L’iter del progetto si inserisce in un quadro politico desolante, dove operazioni estrattive vengono spesso vendute da interventi di riqualificazione e transizione ecologica. Non possiamo che domandarci perché, in una città come Torino – tra le più inquinate d’Italia – perfino un’amministrazione di centrosinistra, per la quale la giustizia ecologica e climatica è o dovrebbe essere una stella polare, sprechi così risorse e verde pubblico. In un contesto storico così critico, allora, la difesa del verde non rappresenta più una scelta solamente ambientale, ma una forma di resistenza, indispensabile per il futuro e per rivendicare maggiore democrazia locale.
Per questo, è doveroso riconoscere il lavoro del comitato “Verde, salviamo il Meisino”, che con impegno e sacrificio ha contribuito a rallentare i lavori, ponendo l’attenzione sull’assurdità di questo progetto. Tuttavia, le sole pratiche di disobbedienza civile non bastano: è necessario avviare un confronto serio per valutare la possibilità di trasferire la progettazione della cittadella dello sport in un’altra area più adatta, evitando così uno spreco insensato di denaro e risorse naturali.
La riduzione del progetto iniziale
Il 10 dicembre scorso sono stati annunciati alcuni ridimensionamenti rispetto al progetto iniziale, riconoscendo, seppur in minima parte, l’impegno politico profuso dal Comitato Salviamo il Meisino e, più in generale, dai comitati verdi attivi in città.
Secondo quanto riportato da vari quotidiani online, le modifiche al progetto iniziale riguarderebbero la riallocazione delle piste di pump track e skill bike in un campo da calcio inutilizzato sulla sponda destra del Po e l’eliminazione della passerella sopraelevata nell’area umida.
Per quanto queste modifiche possano apparire significative, in realtà evidenziano solo l’imbarazzo con cui l’intero progetto viene difeso dai suoi fautori.

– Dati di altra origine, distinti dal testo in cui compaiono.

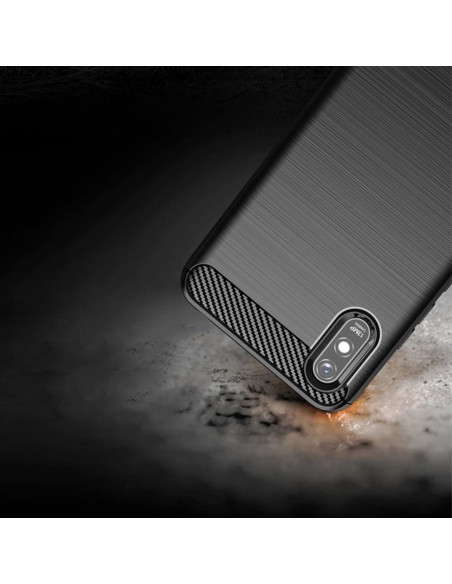COQUE FORCELL - CARBON pour XIAOMI Redmi 9A / 9AT NOIR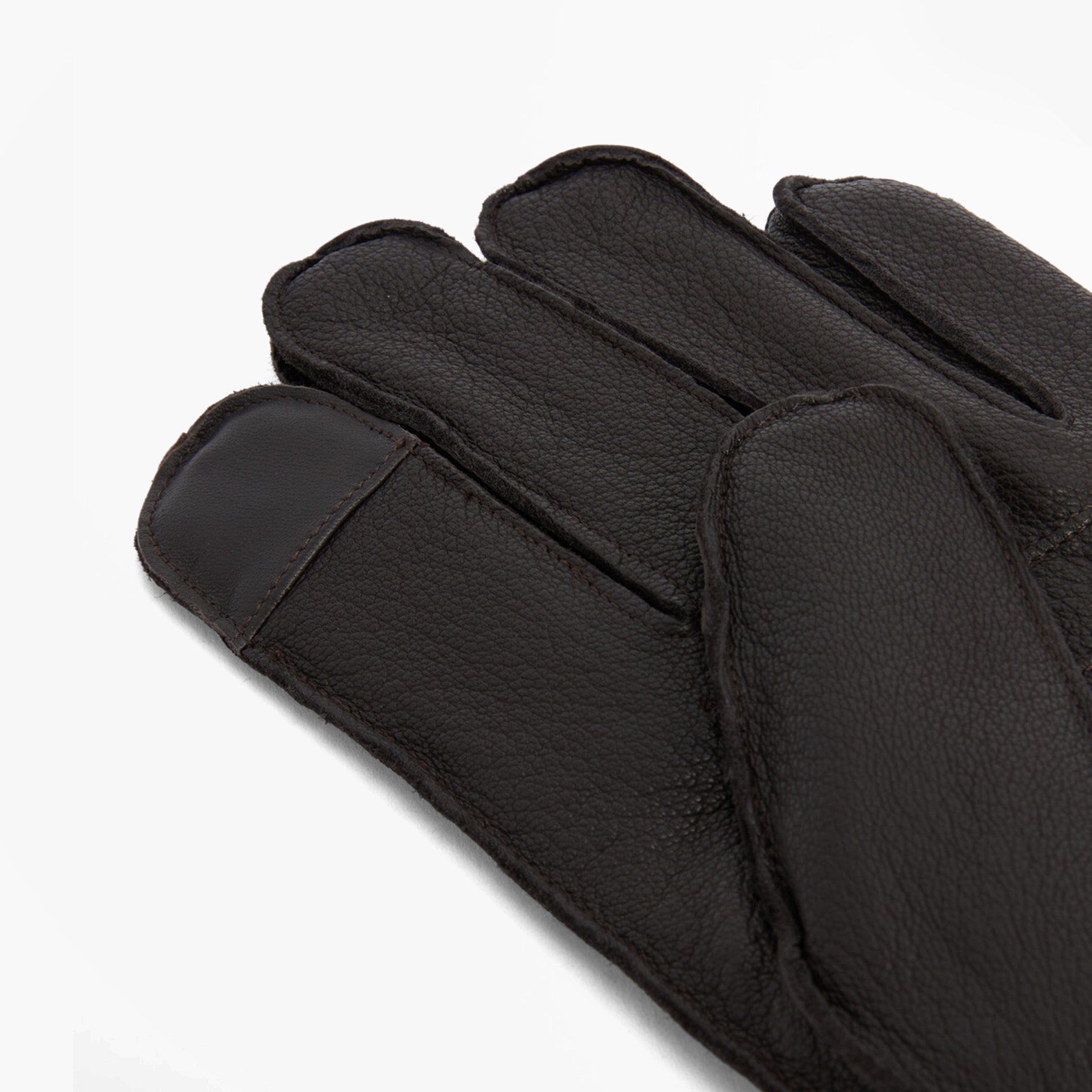 Barbour HIGHFIELD LEATHER Mens Gloves Dark Brown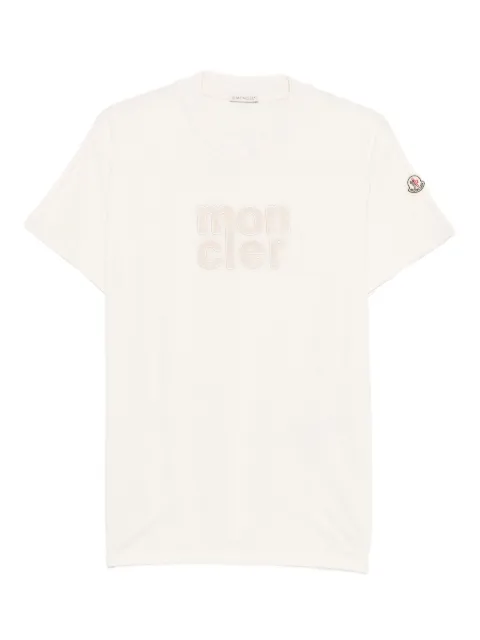 Moncler logo-embroidered T-shirt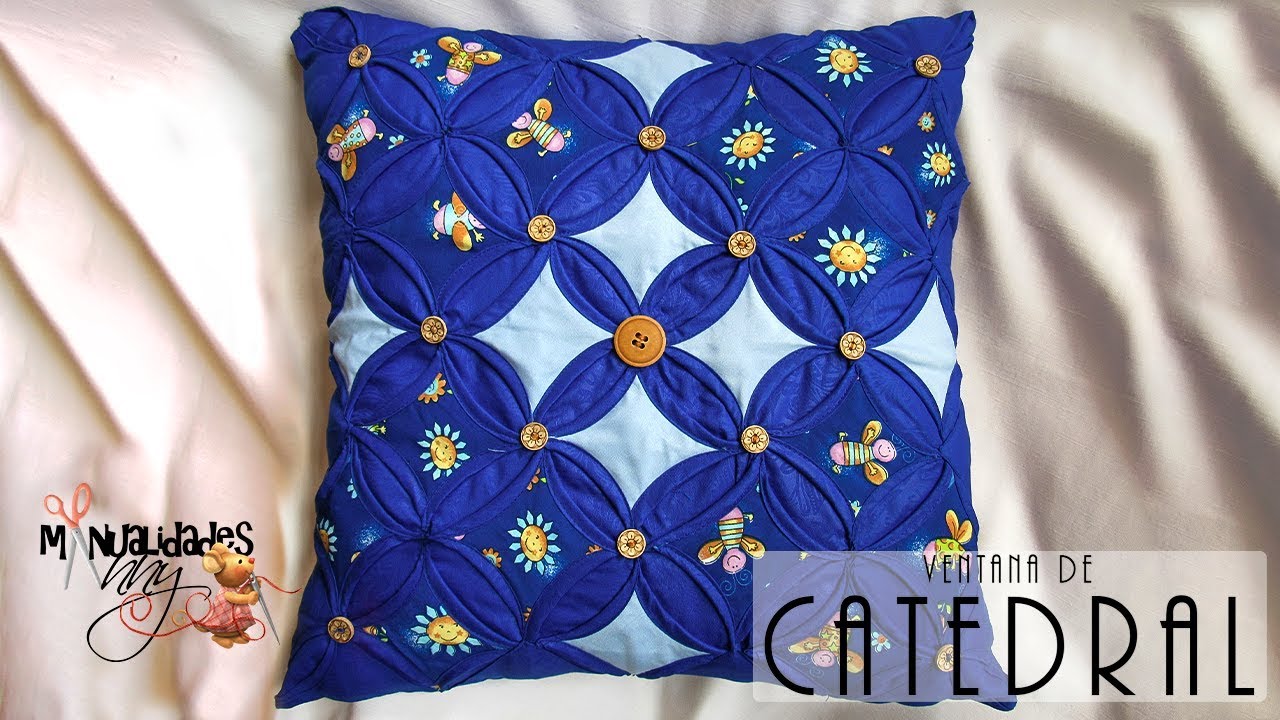 COJÍN DECORATIVO FÁCIL DE ELABORAR- VENTANA DE CATEDRAL | Manualidades Anny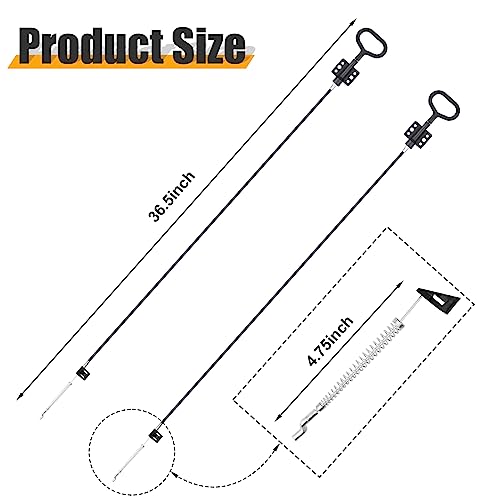 Universal Recliner Pull Cable Replacement, 36.25-inch D-Ring Handle, 2-Pack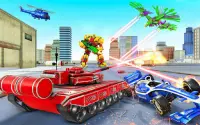 Tank Robot Game 2020 – Police Eagle Robot Car Game Screen Shot 6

Infatti, i tracciati delle piste di pump track e skill bike sono stati realizzati prima dell’annuncio della riduzione del progetto, e l’eliminazione della passerella sopraelevata nell’area umida non deve essere confusa con la passerella ciclopedonale (come erroneamente riportato da alcuni quotidiani).
Quest’ultima, infatti, rappresenta una voce di spesa considerevole all’interno dell’intero progetto.
Conclusioni
L’iniziale esigenza di un intervento non invasivo, pensato per migliorare la fruibilità collettiva di un’area naturalistica attraverso segnaletiche e accorgimenti paesaggistici, si è risolto invece in un progetto milionario finanziato con fondi PNRR. Lo scopo dichiarato è quello di rendere “green” e accessibile un parco naturale, ma il progetto rischia di compromettere l’equilibrio ecologico della zona. I documenti riportati dalla Consulta parlano in modo chiaro: sul Meisino sono state sollevate fin dall’inizio continue perplessità. Nonostante ciò, si è continuato a difendere un progetto che, se non fosse per la gravità della situazione, presenterebbe risvolti quasi comici. Rivendicare dati di riduzione di CO2 o PM10 senza alcun riferimento scientifico è un esempio lampante di come si tenti di mascherare uno spreco di risorse sotto il nome di transizione ecologica.